どうすれば落ちがわかるのかなと考えていたら、うちの父親を思い出した。9時頃床に入るわたしの父は、眠るまでほぼ毎日ラジオを聴いている。そういえば、『ラジオ名人寄席』もかかっていた。それならきっとわかるだろうと父親に「落語の落ちを知りたいんだけど。」とたずねたら、「お母さんに聞け」と言われた。父はラジオはかけていても、半睡眠状態でおぼえていないのだそうだ。そこで、母親に「これこれこんな話で、こんな人が出てきて」と説明すると、「それは○○という噺だよ」と答えが返ってきた。びっくり。お見事
落語を聞いていくうちに、母親のしゃべりの中の面白い特徴が発見できた。それが落語ツッコミだった。
気がつくとちょいちょいしてるのよ落語ツッコミ。
思い返してみると、子供の頃はきっちょむさんだか彦一さん話にあるような、「平林」とか「饅頭怖い」を母親が使っていた記憶はある。わたしが気がつかなかっただけで結構落語ネタ日常会話に混ぜていたのか。
それとも、私が落語を聴くようになったので、ウケるから遠慮なく使うようになったのか。…こっちかも知れんな。
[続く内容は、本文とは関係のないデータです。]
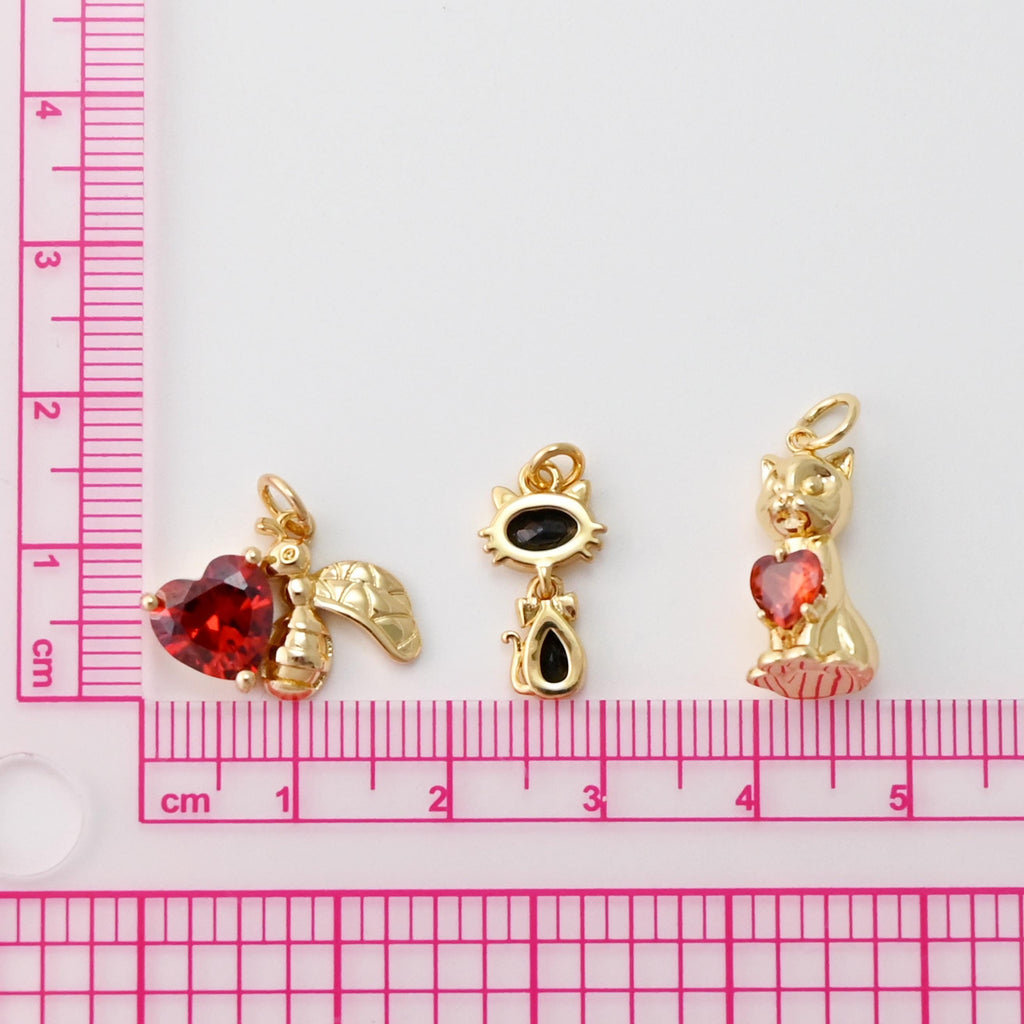 Gold Bee/Cat Pendant, CZ Pave Charms, 18K Gold Plated Animals Charms, For Bracelet And Necklace Making, Jewelry Findings S1456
*1:落語好きは奥が深いので、うっかり好きとは言えない位の薄いファンです

*2:せめて学生時代に目覚めていたらな。同級生や専攻の後輩に枝雀好きがいて、いく題か話せる子達がいたのだ。もったいなかったな。当時目覚めていれば、上方落語に詳しくなれたかも。

*3:その子は後に寝しなに落語を聴くことに目覚め、わたしにたくさん落語のテープを貸してくれた。同じ時期に別々に落語に目覚めたのは面白かった。お互い落語好きとわかって後は、一緒に寄席に行ったりした。